В суматохе жизни о пропавшем человеке быстро забывается, и никто вскоре уже не помнил, что жил такой Юзва, и тем более никто не размышлял о том, что с ним произошло. А он тем временем, придя к выводу, что существующий мир плох, в поисках силы спустился вглубь и набирал мощь, ведомый единственной безумной жаждой разрушения…
— Удивительно, что я встретил его и узнал, — прошептал Грабец про себя, обращая взгляд к солнцу, в кровавых отблесках заходящему над Римом.
VII
Он медленно покачал головой и усмехнулся.
— Нет, — сказал он не глядя на Азу и как будто не отвечая на ее вопрос, — я ни от чего не отрекся, передо мной не было никаких препятствий, я не был ничем озлоблен, не был разочарован.
Яцек нетерпеливо пошевелился на стуле.
— Так почему же…
И замолчал, охваченный чувством стыда, что спрашивает о том, что уже должен был понять.

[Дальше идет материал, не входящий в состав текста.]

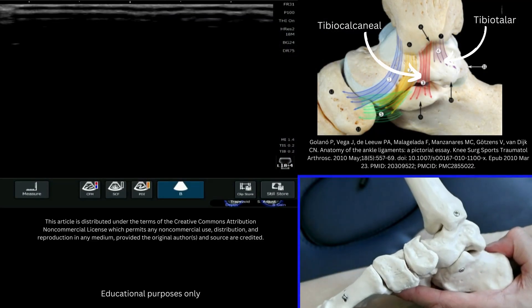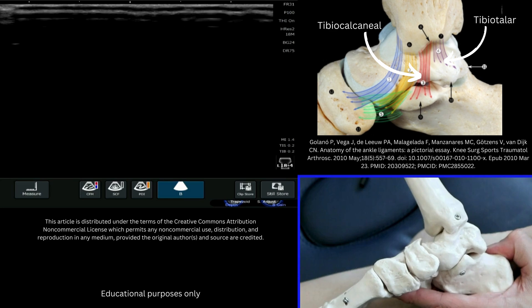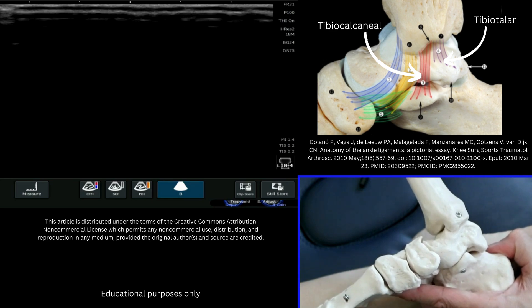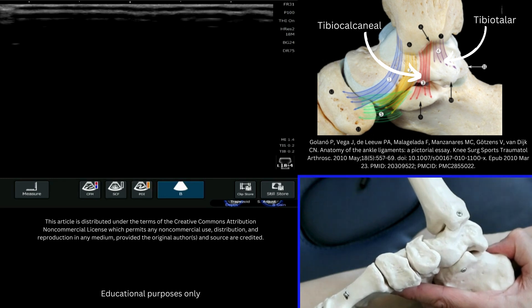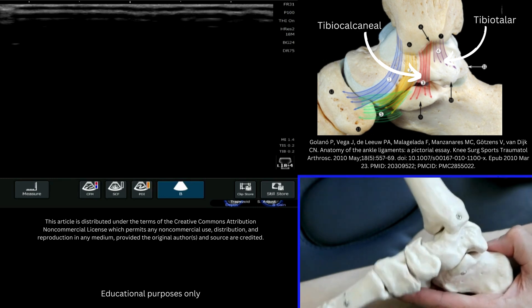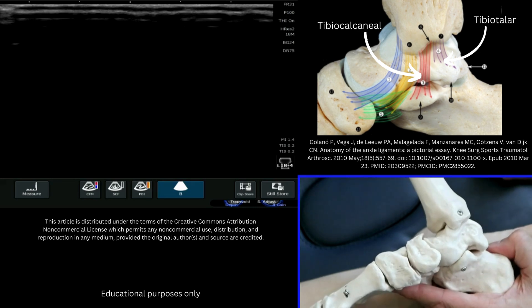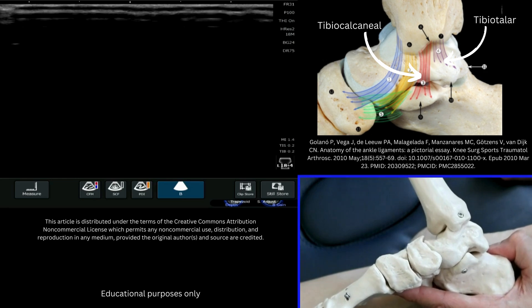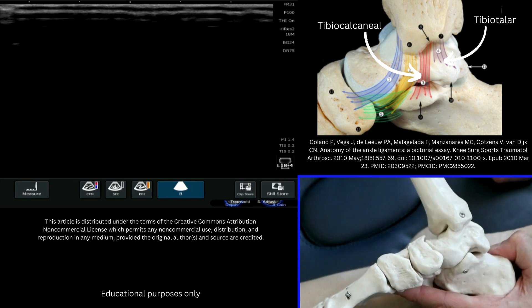We're now going to have a look at the deltoid ligament complex and in particular two aspects of that ligament complex. When we look at this region it's important to understand the skeletal anatomy, and that will give you a framework to work from in terms of looking for these ligament structures.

Ньянатилока поднял на него спокойные, ясные глаза.
— Этого мне было мало. Я пошел дальше, потому что хотел жить.
— Жить!.. — прошептал Яцек, как эхо.
За одно мгновение у него в памяти пронеслось все, что он еще мальчиком слышал об этом удивительном человеке, и все, что знал о нем сейчас.
«Я хотел жить», — сказал Серато-Ньянатилока, тот, чье имя было некогда синонимом самой жизни, силы, счастья, роскоши, власти.
Тогда о нем говорили, как о божестве. Когда он появлялся со своей волшебной скрипкой, люди, как сумасшедшие, опускались перед ним на колени, а он делал с ними все, что хотел. Если можно было сказать о каком-либо артисте, что он не служил своим искусством толпе, а владел ею, то именно о нем. В знаменитейших, несравненных, неповторимых своих импровизациях он настолько завладевал своими слушателями, что одним движением смычка бросал их из радостного безумия в грусть и подавленность, нашептывал им волшебные сказки, приводил их в ужас и уничтожал, бросал себе под ноги или в то же мгновение, волшебной силой мелких обывателей превращал в летящих вместе с ветром хозяев жизни.
Яцек вспомнил, что говорил о нем один епископ, ныне умерший:
— Этот человек, если бы захотел, мог бы своей скрипкой создать новую веру, и люди пошли бы за ним, даже если бы он вел их в ад.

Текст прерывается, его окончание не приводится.